341 - Illusory Benchmarks
R.I.P. SWE-Bench, your illusion lasted a year, which is about 350 days longer than the illusion of “FrontierMath”, but not so long as the 5-year illusion of ARC-AGI. The smoke and mirrors of illusory benchmarks eventually get blown away with a change in the wind.
The reason that they note for the failure of this benchmark comes back to a predictable problem that I’ve discussed before, the matter of “Data Decomposition”, where many in the AI space fundamentally fail to understand how LLMs and neural networks in general break down and process information in ways that are completely different from human processes.
The authors designed their approach to skip over some of the cues/triggers used for cheating by isolating a subtask. This includes withholding critical information necessary for task performance, were no data contamination present.
The “other learned artifacts” as the current paper’s team from Purdue and Microsoft termed them, are the patterns that the LLM (or similar derivative) actually memorizes a fuzzy distribution of for recombination.
The testing they did was also designed such that only EXTREME contamination should be visible in portions of the test, like doubling the complexity and cutting the contextual information by a factor of 30x (net 60x negative difference). This included checking for 5-gram accuracy when critical data was withheld, very explicitly demonstrating heavy data contamination, up to 35%, for Anthropic and OpenAI.
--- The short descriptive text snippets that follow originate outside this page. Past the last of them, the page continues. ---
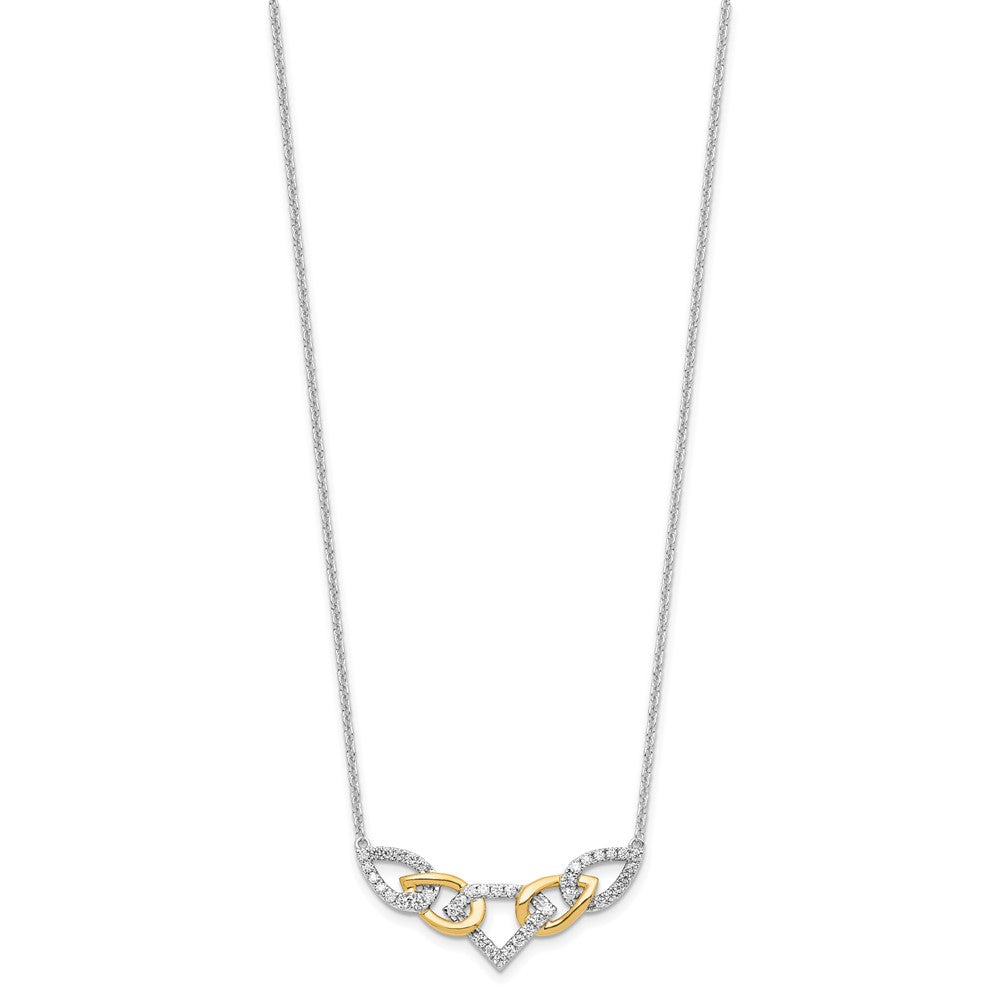 14K Two-Tone Lab Grown VS/SI+ G+ Diamond Linked Teardrop Necklace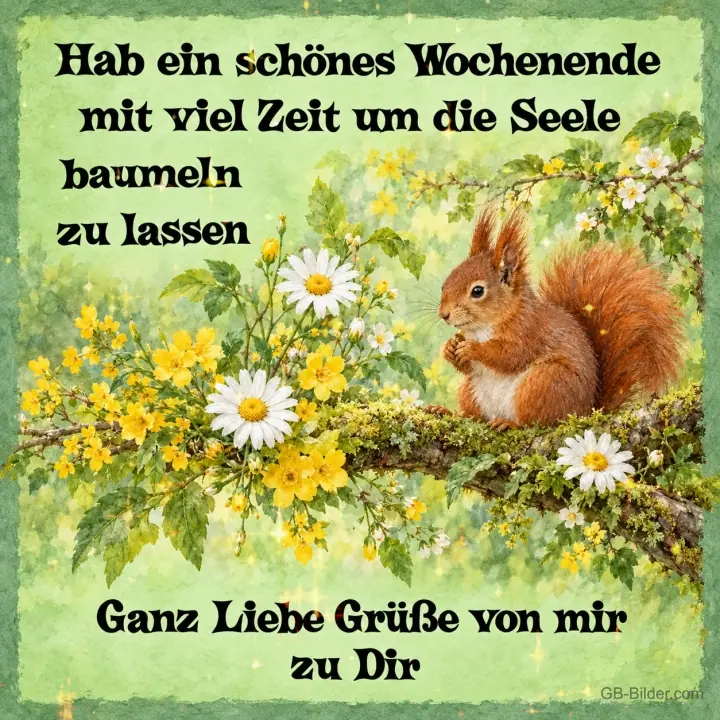 Eichhörnchen zwischen Blumen, Text: Hab ein schönes Wochenende mit viel Zeit um die Seele baumeln zu lasse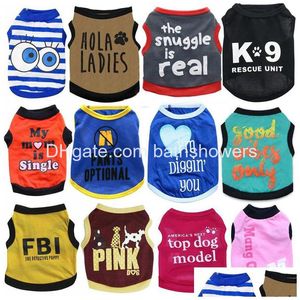 Dog Apparel Sublimation Printed Shirts And Dogs Vest Soft Breathable Pet T-Shirt Daily Pets Clothing For Small Cats Chihuahua Poodle Dhbeh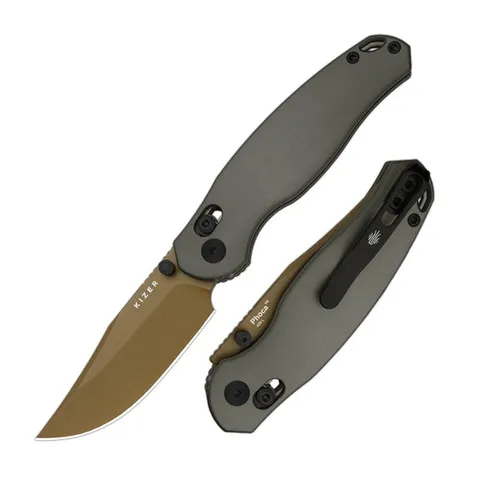 Kizer Taschenmesser Phoca CC AEB-L Grau Aluminium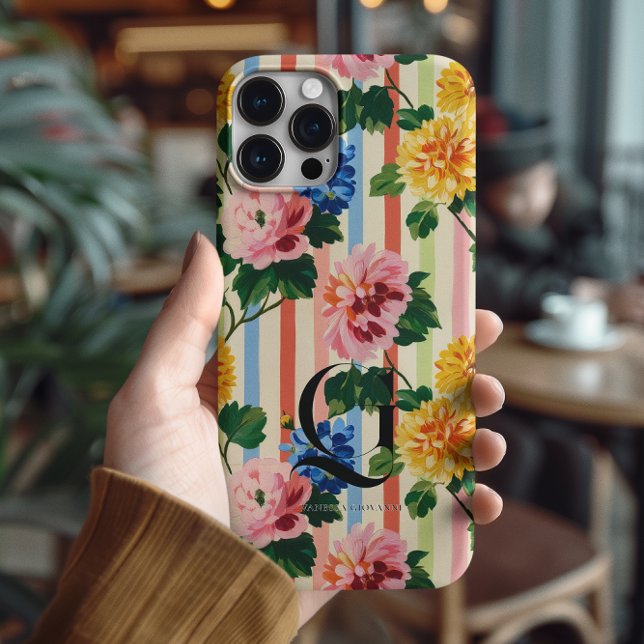 Personalised Floral Stripe Monogram Case-Mate iPhone Case (Creator Uploaded)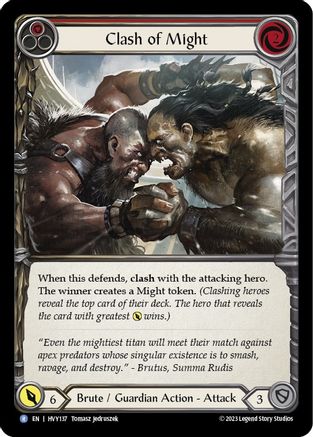 Clash of Might (Red) (HVY137) Rainbow Foil - Heavy Hitters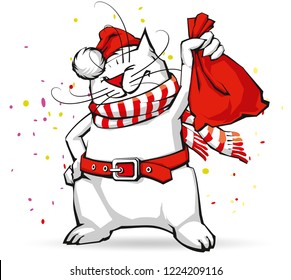 vector illustration of a cat dressed as Santa with a bag of gifts white background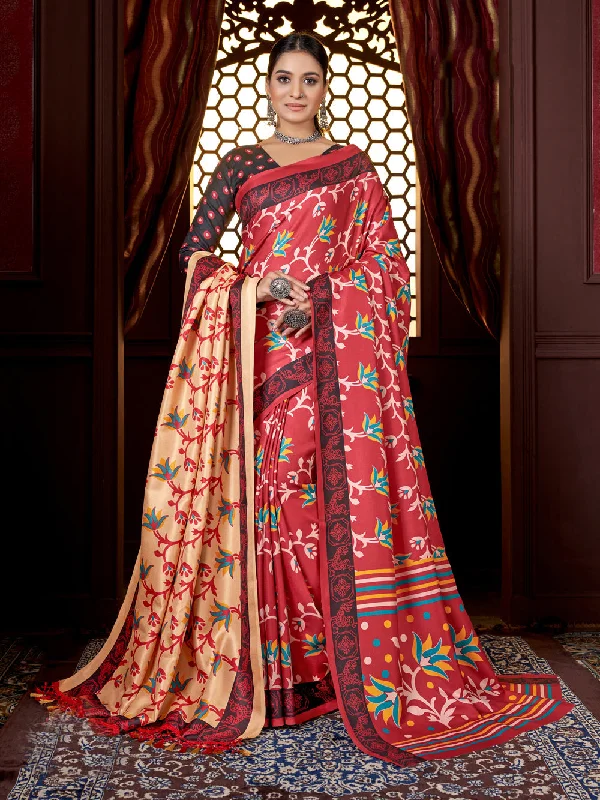 Sonakshi Women's Multicolor Digital Printed Pashmina Saree with Shawl Soft Printed Shawl Wrap Sonakshi Women's Multicolor Digital Printed Pashmina Saree with Shawl Soft Printed Shawl Wrap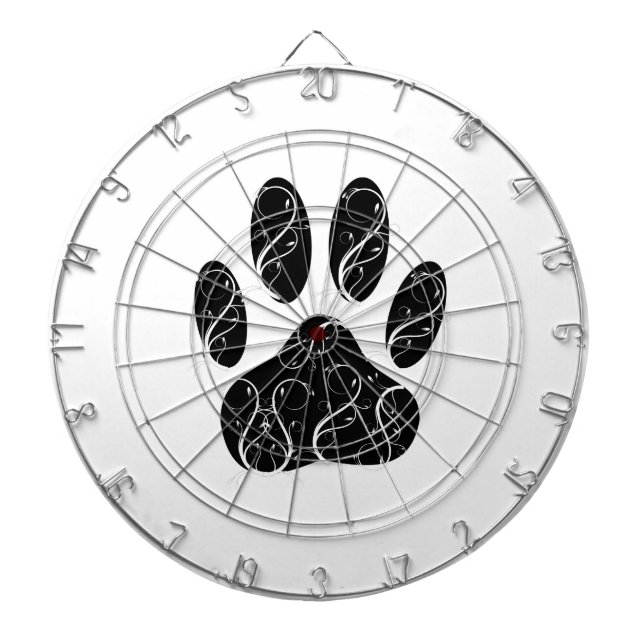 Jeu De Fléchettes Empreinte de patte Chien Noir Avec Flouris Blanc (Devant)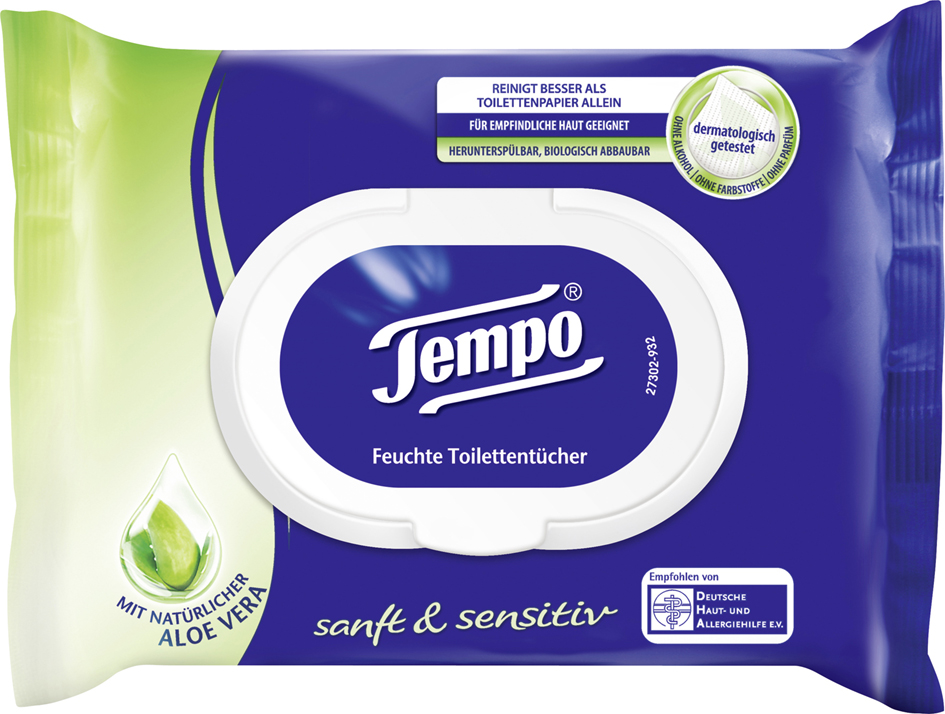 Tempo Feuchte Toilettentücher sanft & sensitiv,mit Aloe Vera von Tempo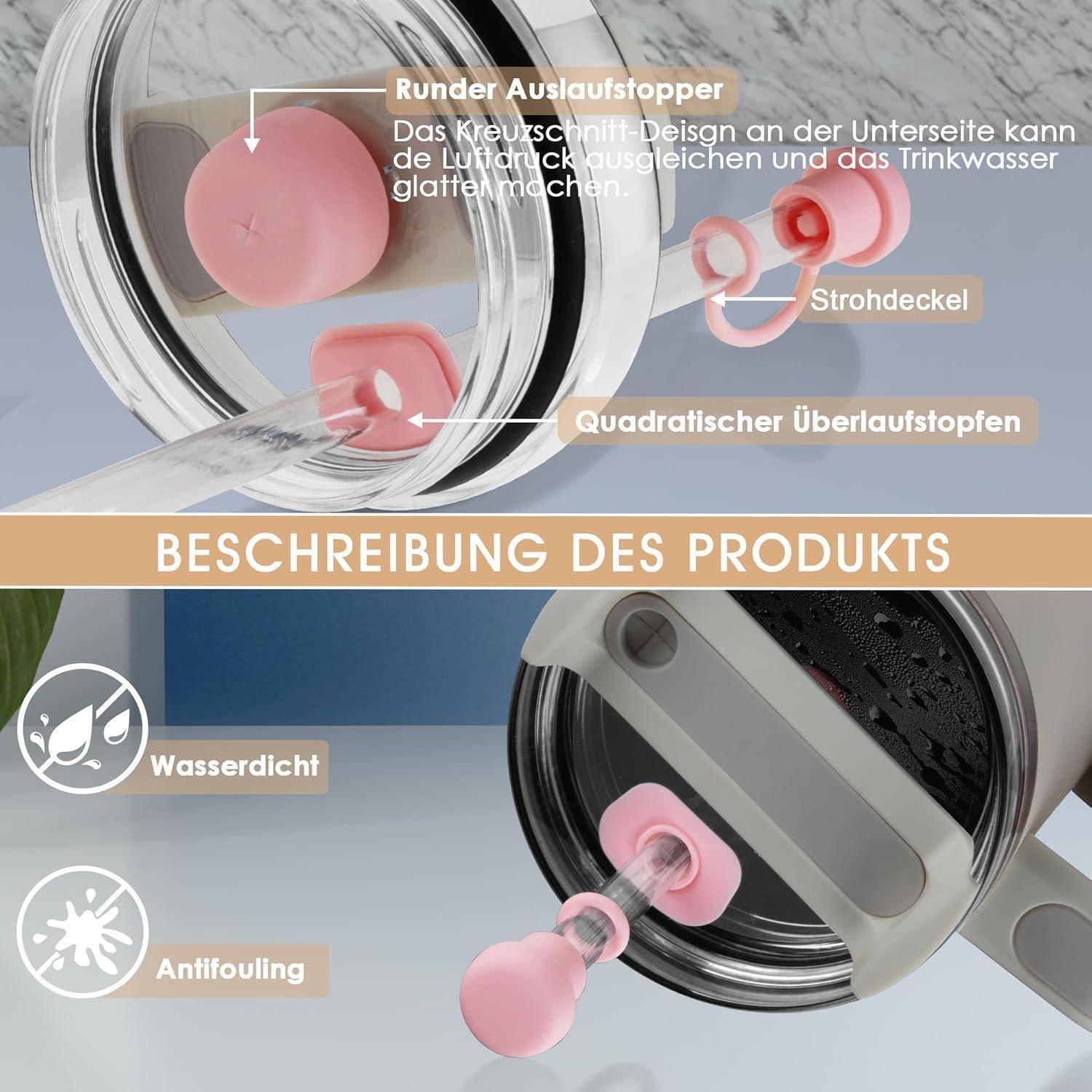 Das Bild zeigt eine Flasche mit einem Rückschlagventil-Design und einer quadratischen Strohhalm-Abdeckung. Zu den Merkmalen gehören wasserdichte und verschmutzungshemmende Eigenschaften. Der Text lautet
LLMs have precisely zero “generalization”, but many AI researchers have distinctly non-zero Cognitive Bias over the interpretation of results, prone to endorsing emotionally invested fantasies of “generalization” and “learning”.
The models aren’t getting better at these tasks in the ways that the benchmarks suggest, but rather the humans behind the models are getting better at cheating via various methods of data contamination, including "synthetic data". This also explicitly means that the top performers built on the same fundamental technology (such as various LLMs) will reliably remain frauds.
The authors of this paper note two types of issues that can compromise such a benchmark, but they miss many more. A model doesn’t need a carbon copy of a problem memorized, they can memorize subsets of a problem which are automatically recombined by their own inherent probability distributions curve-fitting to the training data. The data isn’t processed like a human or a search engine, it is distinctly different, which allows for this subset memorization and automatic recombination via statistics over data.